American news anchor and reporter

Paul Magers (born May 15, 1954) is an American former news anchor and reporter, most recently at KCBS-TV in Los Angeles, California.

Magers was born in Santa Maria, California, and spent the majority of his childhood in Ellensburg, Washington. He earned his bachelor's degree from the University of Washington in 1977. In 1979, he earned his Juris Doctor degree from the Hamline University School of Law in St. Paul, Minnesota.

The recipient of numerous industry awards, including several Emmys and a Golden Mike Award, Magers began his broadcasting career at KSTP-TV in Minneapolis-St. Paul, then moved in 1979 to KATU in Portland, where he began working as an on-air reporter.
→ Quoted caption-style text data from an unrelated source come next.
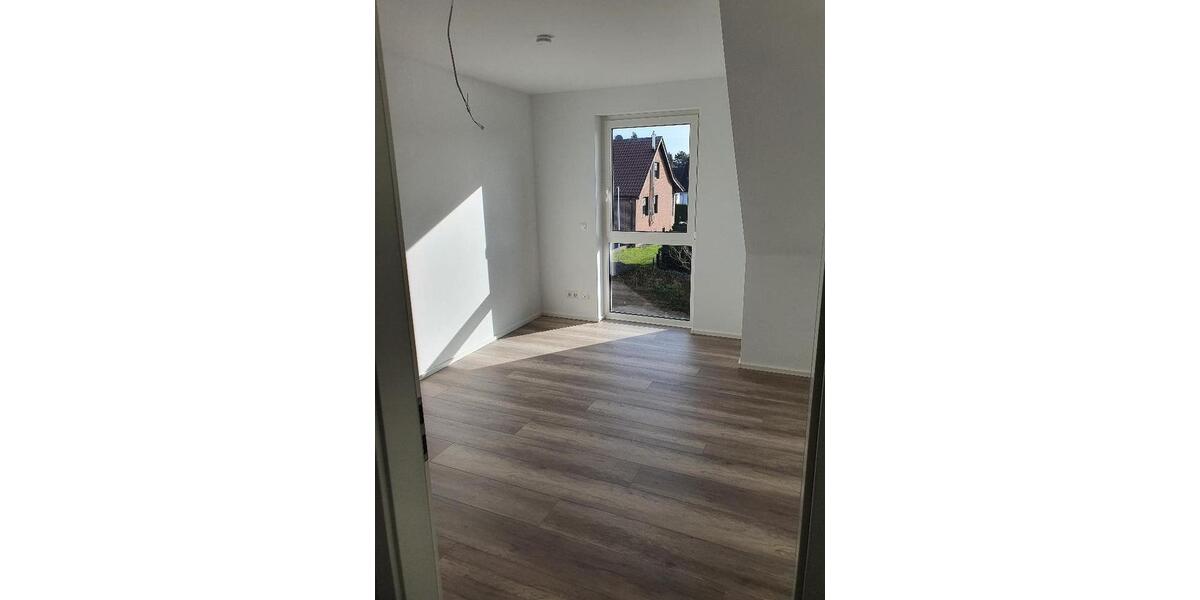 Doppelhaushälfte Wolfsburg Alt-Wolfsburg - 4 Zimmer, 130 m&sup2;, 2.000&euro; | Angebot:24877112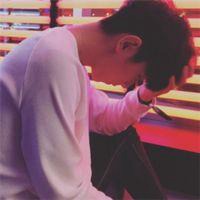 侧脸男生头像素描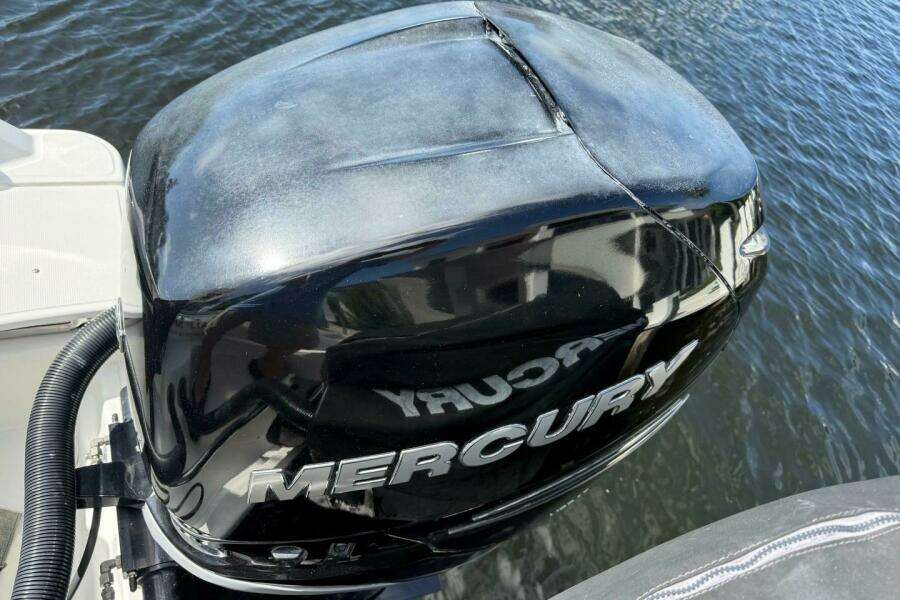 25ft Boston Whaler Yacht For Sale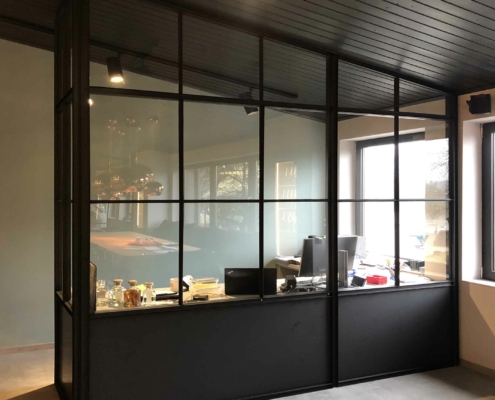Stahl-Glas Trennwand Industriedesign schwarz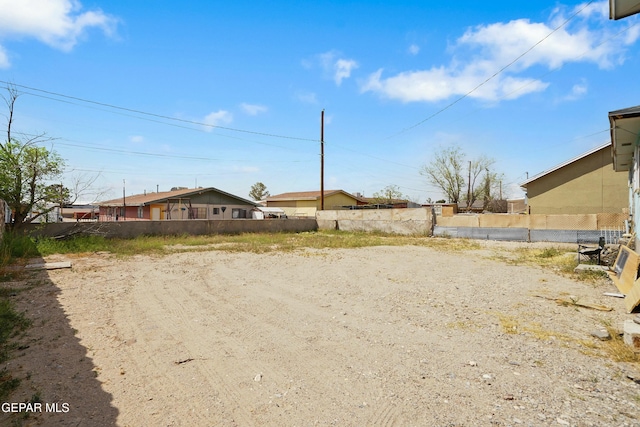 9005 Electra Dr, Canutillo, TX 79835 - view of yard with fence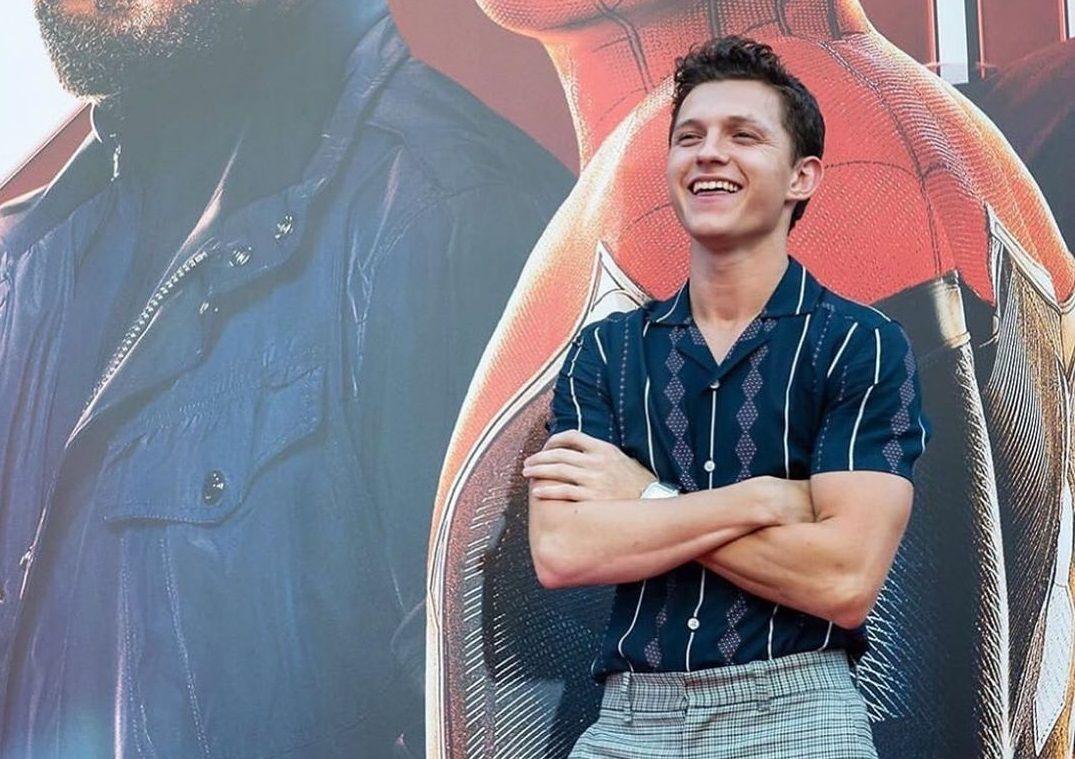 Hapus Aplikasi Instagram, Ini 9 Foto Tom Holland yang Bikin Kangen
In 1981, he moved down the West Coast to KGTV-TV in San Diego, where he spent two years as a reporter and anchor before he returned to the Twin Cities and began his 20-year career with KARE-TV. Paul and 10:00 p.m. co-anchor Diana Pierce both joined the station in September 1983 and remained together on that newscast until September 2003. Magers moved to KCBS-TV in Los Angeles in 2004.

In addition to anchoring the evening newscasts, he hosted numerous specials and moderated political debates and participated in a wide variety of community events, including a 1997 telethon to raise money for flood relief in Minnesota.

Magers announced his retirement from television broadcasting in March 2017, revealing his long struggle with alcoholism.